*Data for this task:*
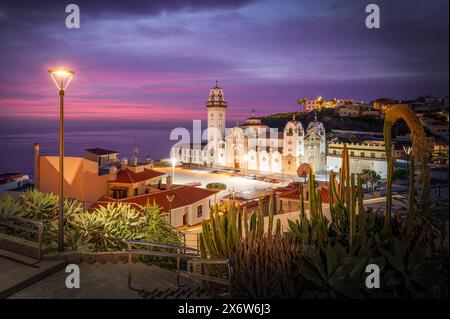 Erkunden Sie die bezaubernde Küstenstadt Candelaria, Teneriffa, mit ihrer historischen Architektur, pulsierenden Sonnenuntergängen und atemberaubenden Meerblick, perfekt für ausflüge Stockfoto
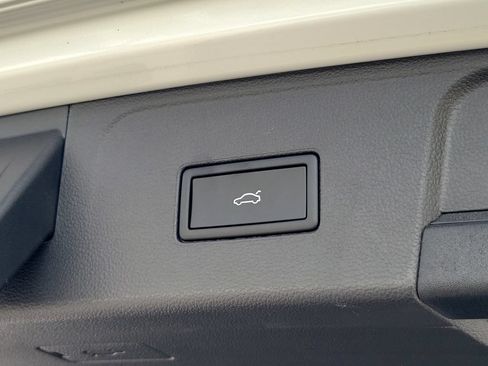 Certified 2026 Volkswagen Atlas SE FWD image 15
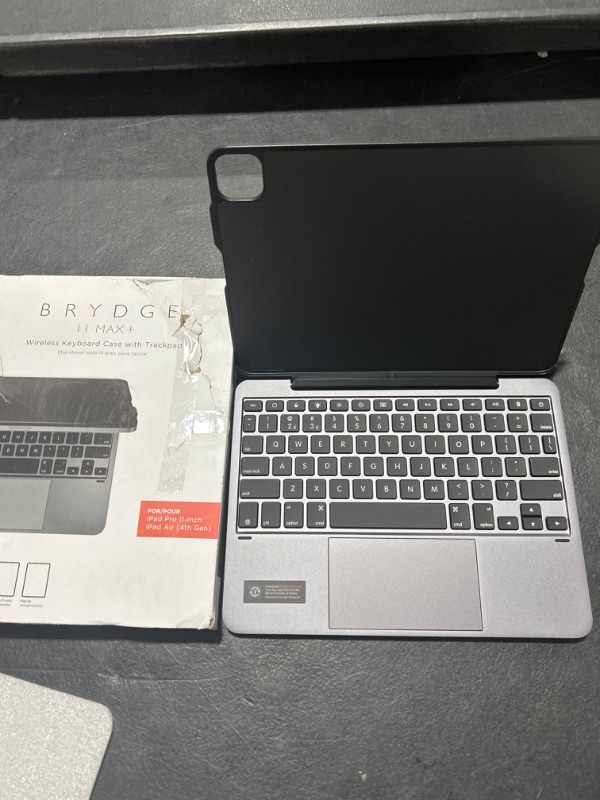 Photo 2 of 11 MAX+ Wireless Keyboard for iPad Pro 11-inch (1st, 2nd & 3rd Gen) & iPad Air (4th, 5th Gen) w/Trackpad & SnapFit Case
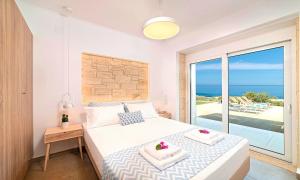 Posteľ alebo postele v izbe v ubytovaní Vista Mare Villas Heated Pool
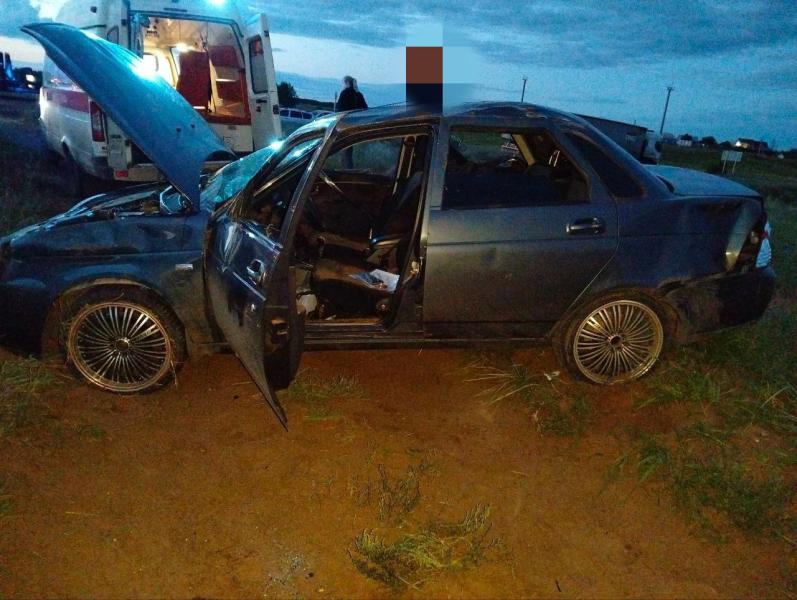 В Самарской области на трассе LADA Priora вылетела в кювет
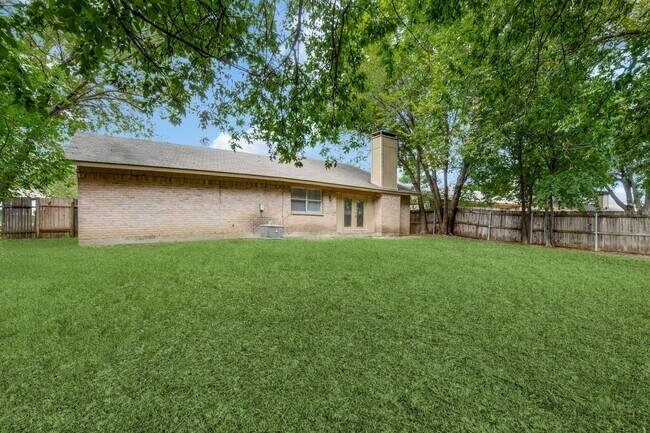 Building Photo - 2513 Richmond Dr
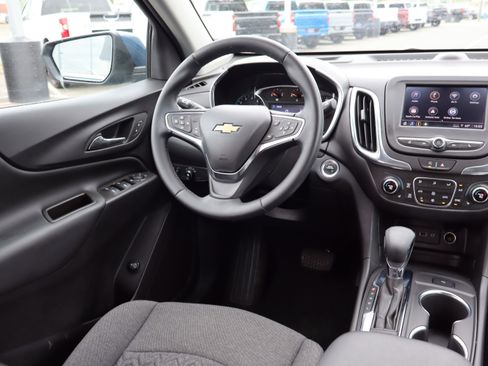 Used 2024 Chevrolet Equinox LT FWD image 12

*Assignment:* From the line containing "Photo 2 of 11" to the last line of the records above, return each line exactly, both ends included, and nothing more. Leave out the pictures.

*Output of the task:*
 Photo 2 of 11 MAX+ Wireless Keyboard for iPad Pro 11-inch (1st, 2nd & 3rd Gen) & iPad Air (4th, 5th Gen) w/Trackpad & SnapFit Case
 Posteľ alebo postele v izbe v ubytovaní Vista Mare Villas Heated Pool
 В Самарской области на трассе LADA Priora вылетела в кювет
 Building Photo - 2513 Richmond Dr
 Used 2024 Chevrolet Equinox LT FWD image 12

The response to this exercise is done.